-- WHAT IS EXPECTED --
When you restate the data, keep every word as it is and drop the images.

-- DATA SHOWN --
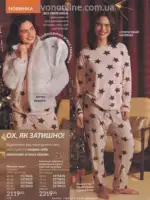 Следующий каталог Эйвон Декабрь 2025 179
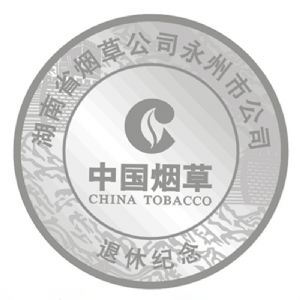 卷烟厂职工退休纪念章烟草局职工荣休纪念银章纯银银牌制作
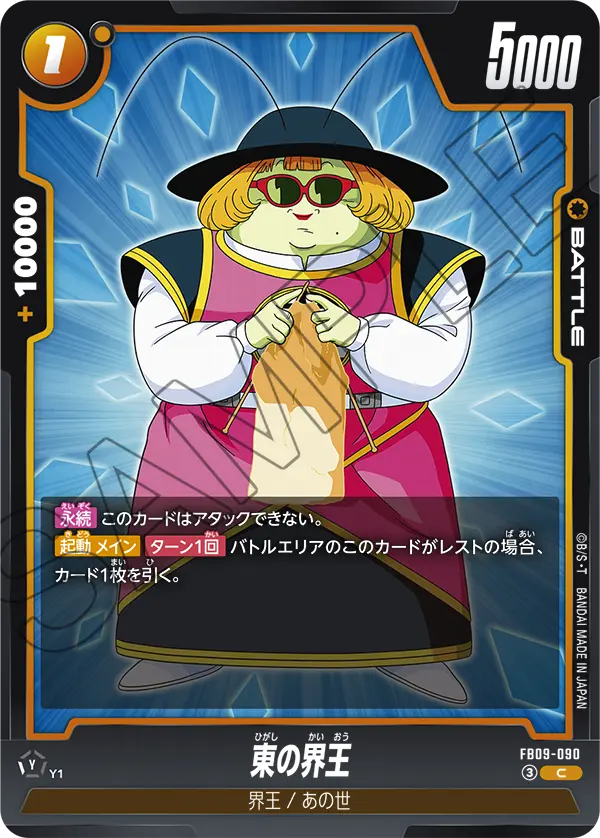 East Kai — Dual Evolution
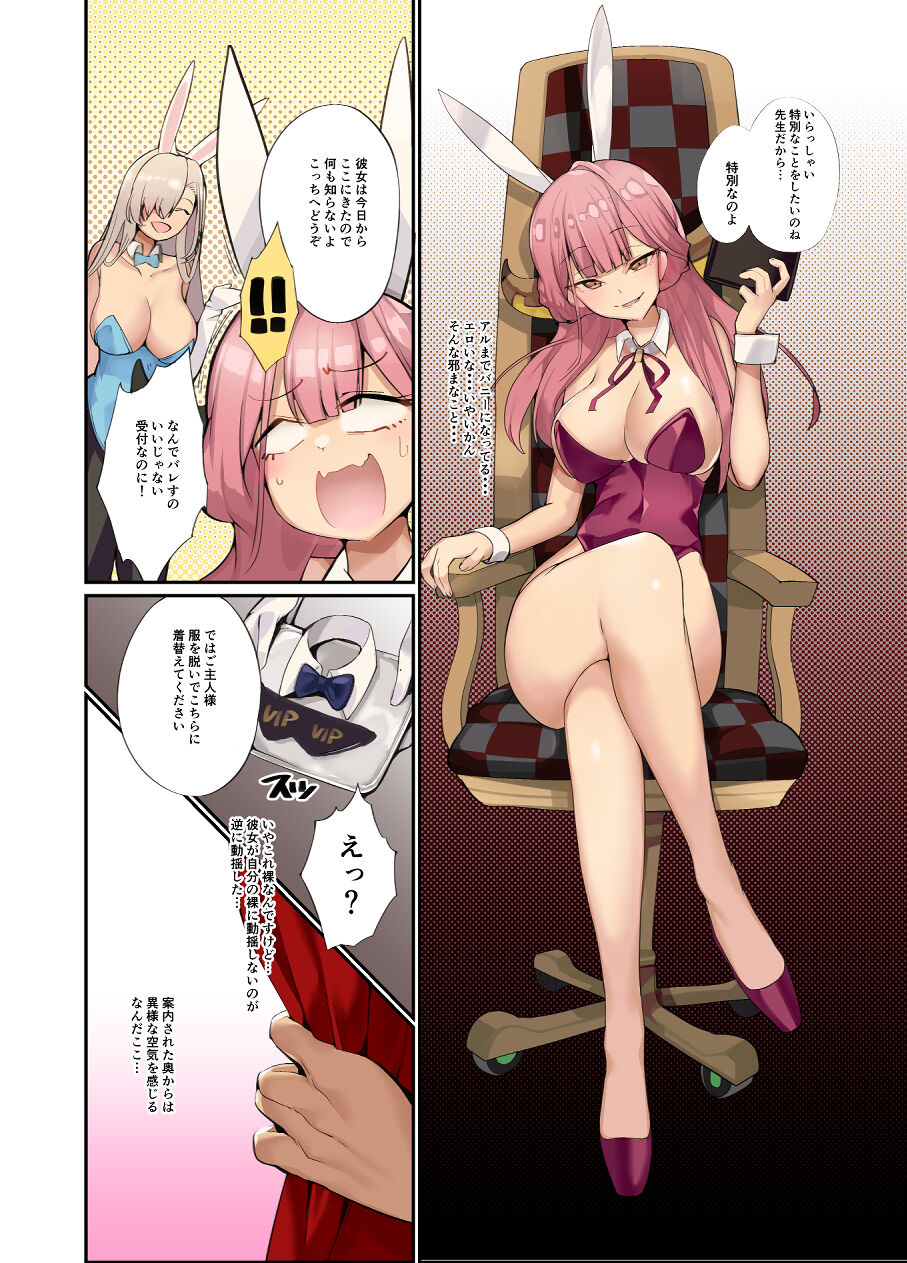 Bunny no Izanau VIP ROOM page 3 full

-- RESPONSE TO THE EXERCISE --
 Следующий каталог Эйвон Декабрь 2025 179
 卷烟厂职工退休纪念章烟草局职工荣休纪念银章纯银银牌制作
 East Kai — Dual Evolution
 Bunny no Izanau VIP ROOM page 3 full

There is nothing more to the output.